* **TASK STATEMENT**
Below are the records; copy out every line that holds the word "Women".

* **RECORD SET**
........

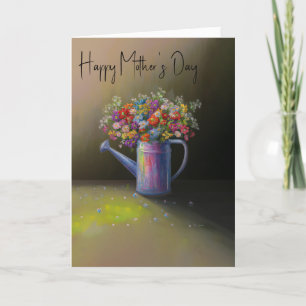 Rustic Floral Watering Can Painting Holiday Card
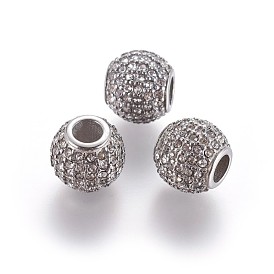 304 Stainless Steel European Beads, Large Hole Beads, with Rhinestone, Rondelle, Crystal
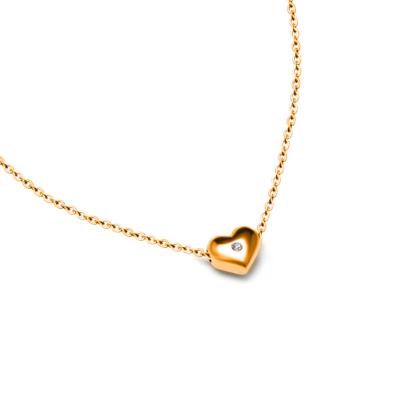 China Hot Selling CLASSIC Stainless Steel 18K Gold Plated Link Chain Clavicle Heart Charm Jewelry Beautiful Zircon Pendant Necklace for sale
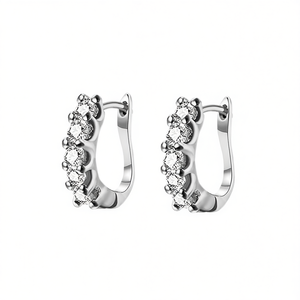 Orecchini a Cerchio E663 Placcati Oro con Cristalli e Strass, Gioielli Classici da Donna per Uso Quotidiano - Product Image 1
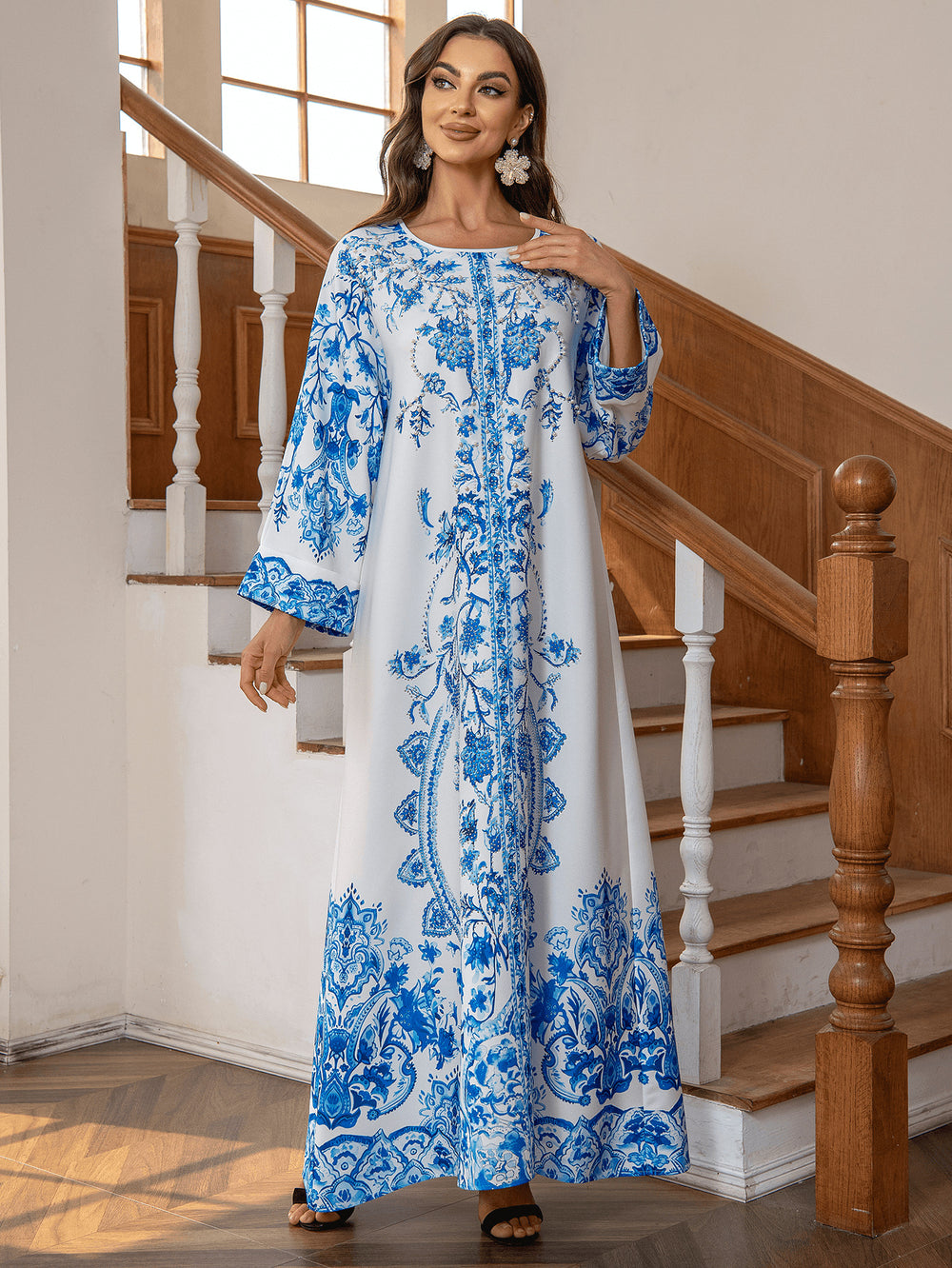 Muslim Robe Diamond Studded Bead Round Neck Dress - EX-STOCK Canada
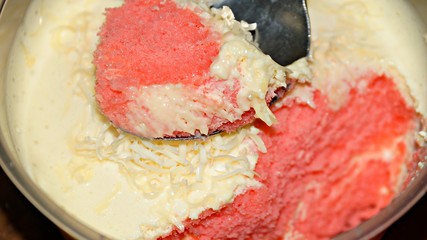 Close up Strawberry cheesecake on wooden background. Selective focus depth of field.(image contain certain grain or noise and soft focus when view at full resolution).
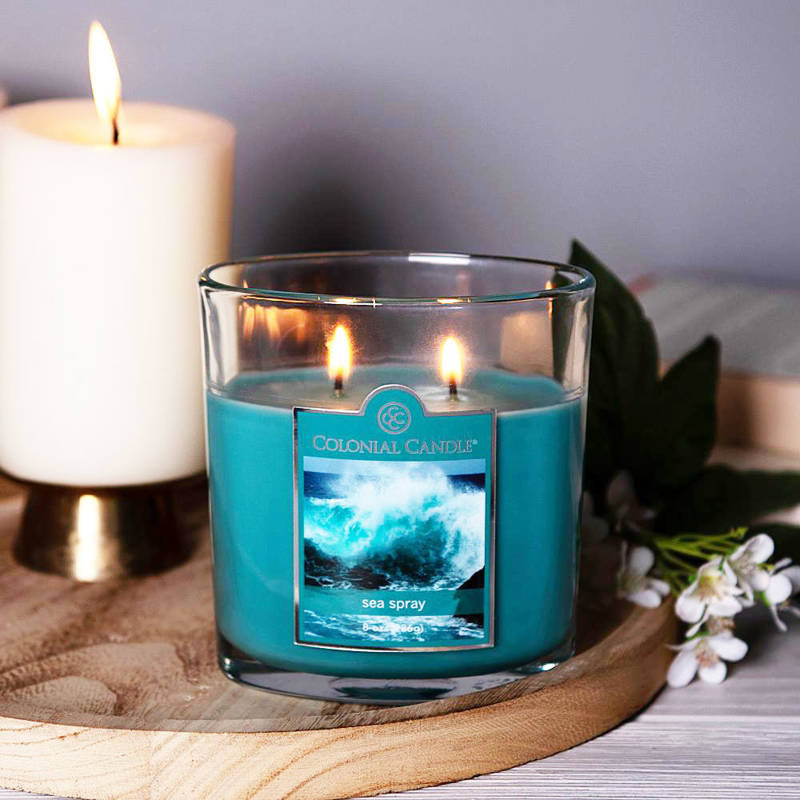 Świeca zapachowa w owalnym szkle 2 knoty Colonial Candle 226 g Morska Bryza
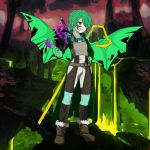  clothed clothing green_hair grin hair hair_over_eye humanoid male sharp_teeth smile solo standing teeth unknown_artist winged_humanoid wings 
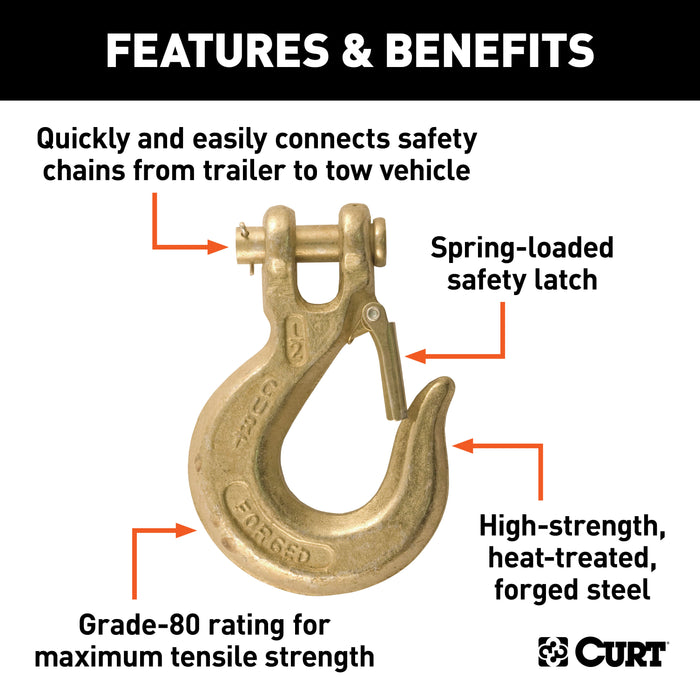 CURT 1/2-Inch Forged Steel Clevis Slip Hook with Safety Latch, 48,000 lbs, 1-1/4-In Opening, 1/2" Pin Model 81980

........

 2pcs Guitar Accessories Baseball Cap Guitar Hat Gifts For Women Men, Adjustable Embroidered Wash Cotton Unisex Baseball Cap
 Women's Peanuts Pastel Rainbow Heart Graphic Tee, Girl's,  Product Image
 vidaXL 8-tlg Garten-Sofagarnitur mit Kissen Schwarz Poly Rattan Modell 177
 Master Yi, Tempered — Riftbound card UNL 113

........

* **ANSWER BELOW**
 2pcs Guitar Accessories Baseball Cap Guitar Hat Gifts For Women Men, Adjustable Embroidered Wash Cotton Unisex Baseball Cap
 Women's Peanuts Pastel Rainbow Heart Graphic Tee, Girl's,  Product Image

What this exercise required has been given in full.